Fu la morte a rivelare la verità, nascosta, proprio come lui aveva insegnato, dietro l’umiltà.
Vennero pubblicate le sue opere di carattere religioso Gli scritti religiosi, curati dal Pellegrini, ( Milano 1926), e Pensieri e Preghiere, curati e prefati da padre Gemelli( Milano,1960), e la sua principale produzione scientifica fu riunita in 5 volumi di Opere, con prefazione di P. Bonfante( Milano 1929,1930). Soprattutto la fama della santità, accompagnata da voci di diversi e presunti miracoli, portò a uno sviluppo rapido dell’iter della causa canonica intrapresa dal Pellegrini e sostenuta dall’università cattolica di Milano, che aveva scelto in lui l’esempio della santità moderna in campo studentesco: l’ 8 febbraio 1931 fu emanato il decreto sull’eroicità della virtù e nel 1942 i resti mortali furono traslati a Milano e collocati in una cripta all’università cattolica. Il 13 aprile 1947 Pio XII lo proclamò beato.

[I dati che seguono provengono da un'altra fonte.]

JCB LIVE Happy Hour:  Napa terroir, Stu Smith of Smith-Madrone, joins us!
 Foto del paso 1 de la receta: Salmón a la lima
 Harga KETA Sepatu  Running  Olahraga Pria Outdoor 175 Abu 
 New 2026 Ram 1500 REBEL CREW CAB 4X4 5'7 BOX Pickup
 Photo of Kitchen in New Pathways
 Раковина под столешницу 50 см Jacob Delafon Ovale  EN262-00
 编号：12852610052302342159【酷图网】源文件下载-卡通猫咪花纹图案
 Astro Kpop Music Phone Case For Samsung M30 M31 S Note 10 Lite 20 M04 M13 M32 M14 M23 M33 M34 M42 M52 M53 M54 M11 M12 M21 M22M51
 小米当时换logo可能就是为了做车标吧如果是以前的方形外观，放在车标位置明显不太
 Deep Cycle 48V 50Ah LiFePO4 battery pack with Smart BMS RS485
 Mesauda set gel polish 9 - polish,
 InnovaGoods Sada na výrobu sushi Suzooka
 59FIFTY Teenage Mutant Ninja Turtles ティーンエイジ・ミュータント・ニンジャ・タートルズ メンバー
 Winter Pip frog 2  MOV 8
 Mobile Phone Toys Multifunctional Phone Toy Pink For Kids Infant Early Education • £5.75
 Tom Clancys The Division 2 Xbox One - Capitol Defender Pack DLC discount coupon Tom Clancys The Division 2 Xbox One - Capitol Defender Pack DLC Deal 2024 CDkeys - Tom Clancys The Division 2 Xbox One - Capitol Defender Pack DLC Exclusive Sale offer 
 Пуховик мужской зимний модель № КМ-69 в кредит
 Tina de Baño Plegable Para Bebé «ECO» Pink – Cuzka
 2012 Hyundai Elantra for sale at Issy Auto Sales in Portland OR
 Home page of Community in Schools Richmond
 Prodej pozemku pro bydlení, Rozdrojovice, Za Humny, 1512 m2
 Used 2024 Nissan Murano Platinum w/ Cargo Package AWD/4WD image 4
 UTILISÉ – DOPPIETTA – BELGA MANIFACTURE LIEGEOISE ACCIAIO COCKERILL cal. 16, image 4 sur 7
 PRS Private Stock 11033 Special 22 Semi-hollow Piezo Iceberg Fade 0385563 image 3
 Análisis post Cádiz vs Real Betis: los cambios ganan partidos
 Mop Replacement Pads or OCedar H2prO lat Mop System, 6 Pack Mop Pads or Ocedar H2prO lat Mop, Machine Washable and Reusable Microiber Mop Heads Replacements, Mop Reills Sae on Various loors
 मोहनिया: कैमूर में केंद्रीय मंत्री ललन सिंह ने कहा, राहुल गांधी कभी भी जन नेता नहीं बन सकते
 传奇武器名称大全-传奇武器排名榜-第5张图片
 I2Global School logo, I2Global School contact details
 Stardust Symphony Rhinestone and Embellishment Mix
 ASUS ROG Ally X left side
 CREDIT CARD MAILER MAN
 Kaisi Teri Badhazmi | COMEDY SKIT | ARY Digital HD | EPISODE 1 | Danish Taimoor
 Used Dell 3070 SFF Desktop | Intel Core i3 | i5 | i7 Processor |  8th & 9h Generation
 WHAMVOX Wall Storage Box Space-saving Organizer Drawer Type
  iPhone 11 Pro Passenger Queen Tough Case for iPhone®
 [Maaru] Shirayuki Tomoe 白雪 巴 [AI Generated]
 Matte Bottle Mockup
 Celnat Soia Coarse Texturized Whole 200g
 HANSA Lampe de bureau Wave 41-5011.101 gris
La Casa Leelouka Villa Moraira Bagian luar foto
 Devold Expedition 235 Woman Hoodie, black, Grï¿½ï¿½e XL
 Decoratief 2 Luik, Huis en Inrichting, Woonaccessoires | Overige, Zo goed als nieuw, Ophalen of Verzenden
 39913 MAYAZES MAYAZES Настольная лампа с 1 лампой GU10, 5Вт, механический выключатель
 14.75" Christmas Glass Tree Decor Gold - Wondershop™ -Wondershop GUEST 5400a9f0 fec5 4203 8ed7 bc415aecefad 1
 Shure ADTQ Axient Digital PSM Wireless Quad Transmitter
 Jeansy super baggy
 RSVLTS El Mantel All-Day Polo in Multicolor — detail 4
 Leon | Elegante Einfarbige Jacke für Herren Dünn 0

La Città di Verbania nel 2010 ha dedicato al Beato Contardo Ferrini un premio letterario, giunto ormai alla sua terza edizione. L’intento è di ricordare i valori e l’esempio trasmesso dalla luminosa figura del Ferrini, che onorò la famiglia, lo studio e l’insegnamento, il perseguimento della verità, l’amore per la natura. E applicò con disinteresse le sue preziose doti di conoscenza e intelligenza nel cercare il bene comune. La premiazione dell’edizione 2012 del Premio Città di Verbania Beato Contardo Ferrini, presidente onorario Plinio Perilli, incentrata sul tema dell’Amicizia, avverrà presso il Teatro Hotel Il Chiostro di Verbania Intra, sabato 20 ottobre, presenti il vescovo di Novara Franco Giulio Brambilla e Francesco Alberoni, ospite d’onore. Tutte le informazioni sono reperibili nel sito del Comune di Verbania, Assessorato alla Cultura.